_Your objective_: Write down exactly the lines of the records below, beginning with the first and ending with the line that includes "Photo 10 from".

:: Input data

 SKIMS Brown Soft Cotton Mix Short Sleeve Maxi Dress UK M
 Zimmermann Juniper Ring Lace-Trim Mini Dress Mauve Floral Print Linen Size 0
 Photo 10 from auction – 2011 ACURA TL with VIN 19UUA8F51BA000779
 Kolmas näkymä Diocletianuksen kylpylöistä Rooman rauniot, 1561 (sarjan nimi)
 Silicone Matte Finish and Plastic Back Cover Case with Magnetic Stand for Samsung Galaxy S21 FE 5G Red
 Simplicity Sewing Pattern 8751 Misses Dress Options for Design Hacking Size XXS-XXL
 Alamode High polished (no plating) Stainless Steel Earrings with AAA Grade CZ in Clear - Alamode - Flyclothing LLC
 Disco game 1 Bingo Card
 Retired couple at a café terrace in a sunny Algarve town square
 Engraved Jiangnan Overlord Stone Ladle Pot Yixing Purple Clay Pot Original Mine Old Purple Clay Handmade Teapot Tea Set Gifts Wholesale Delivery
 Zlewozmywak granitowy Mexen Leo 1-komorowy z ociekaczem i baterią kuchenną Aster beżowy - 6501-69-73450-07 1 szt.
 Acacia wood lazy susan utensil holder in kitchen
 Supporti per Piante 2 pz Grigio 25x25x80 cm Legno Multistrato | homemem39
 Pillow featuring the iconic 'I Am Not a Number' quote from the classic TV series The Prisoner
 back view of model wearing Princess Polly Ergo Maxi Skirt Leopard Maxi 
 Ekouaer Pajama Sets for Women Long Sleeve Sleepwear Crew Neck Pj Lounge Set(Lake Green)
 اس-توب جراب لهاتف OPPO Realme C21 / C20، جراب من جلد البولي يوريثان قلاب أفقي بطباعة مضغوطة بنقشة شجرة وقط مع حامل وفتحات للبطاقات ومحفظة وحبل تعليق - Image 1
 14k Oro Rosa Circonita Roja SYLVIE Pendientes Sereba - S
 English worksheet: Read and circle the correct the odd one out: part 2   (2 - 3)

::::

_Solution_:
 SKIMS Brown Soft Cotton Mix Short Sleeve Maxi Dress UK M
 Zimmermann Juniper Ring Lace-Trim Mini Dress Mauve Floral Print Linen Size 0
 Photo 10 from auction – 2011 ACURA TL with VIN 19UUA8F51BA000779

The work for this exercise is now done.